Rexhe Bytyçi

Personal information
- Date of birth: 5 May 1987 (age 39)
- Place of birth: Istog, SFR Yugoslavia (now Kosovo)
- Height: 1.87 m (6 ft 2 in)
- Position: Striker

Senior career*
- Years: Team / Apps / (Gls)
- 2004–2005: Vorwärts Steyr
- 2005–2006: Las Palmas
- 2006–2007: Schwanenstadt / 5 / (0)
- 2007–2008: Portuense
- 2008: Dénia
- 2009: Grödig / 6 / (0)
- 2009–2010: Horn / 8 / (0)
- 2010–2011: Leoben / 26 / (19)
- 2011–2012: Hartberg / 18 / (5)
- 2012: LASK ll / 10 / (1)
- 2012: LASK / 1 / (0)
- 2012–2013: Austria Klagenfurt / 22 / (7)
- 2013–2014: Vorwärts Steyr / 23 / (4)
- 2014–2018: Union St. Florian / 106 / (46)
- 2018–2019: Vorwärts Steyr / 6 / (0)

= Rexhe Bytyçi =

Albanian footballer (born 1987)

Rexhë Bytyçi (born 5 May 1987) is an Albanian footballer from Kosovo who plays as a striker.

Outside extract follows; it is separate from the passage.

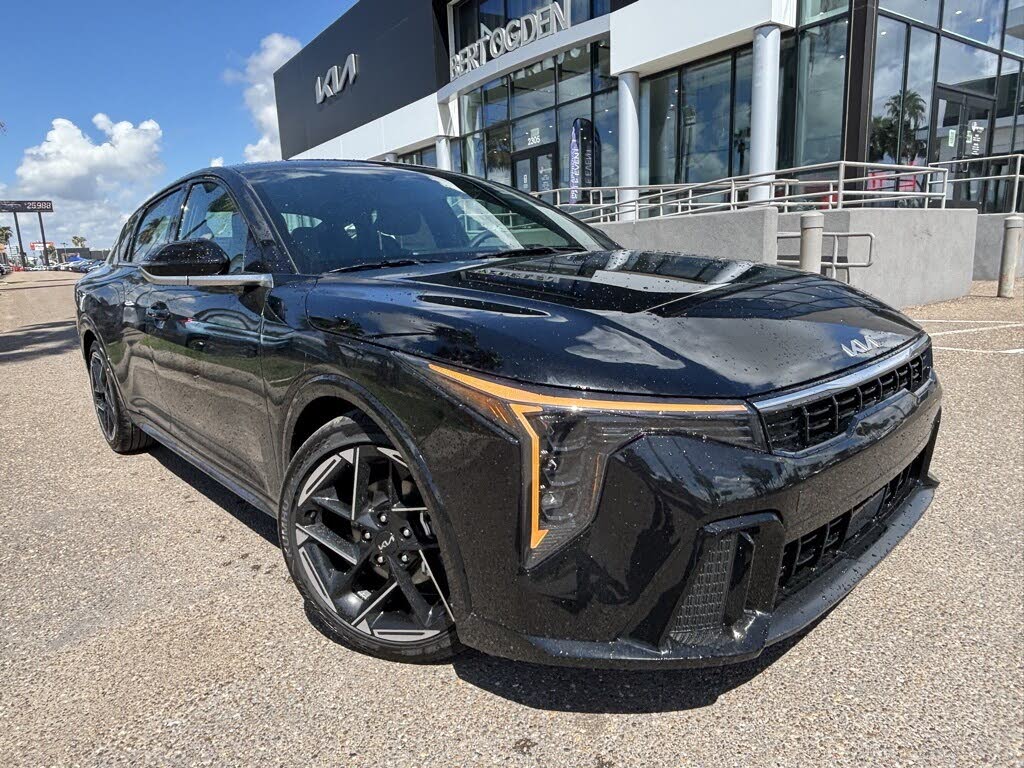 2025 Kia K4 GT-Line FWD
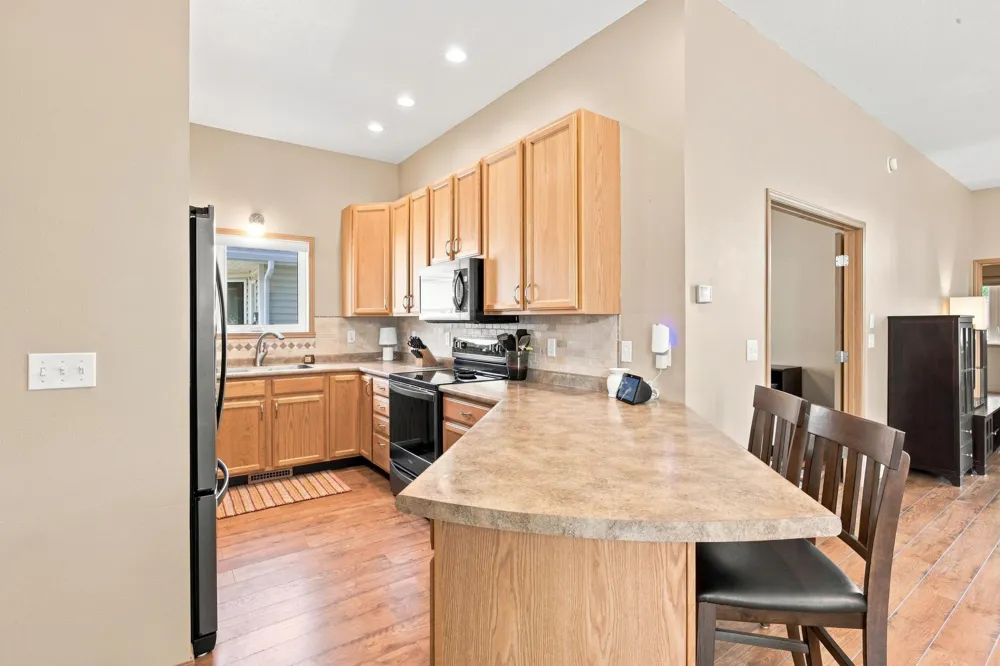 2872 35th Street S Moorhead, MN 56560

He lived in Austria for many years which means he is eligible to play for Albania, Austria and Kosovo. During the 2006–07 season, Bytyçi was on trial with the reserve team of the Spanish side Real Betis Balompié, but he didn't pass the test.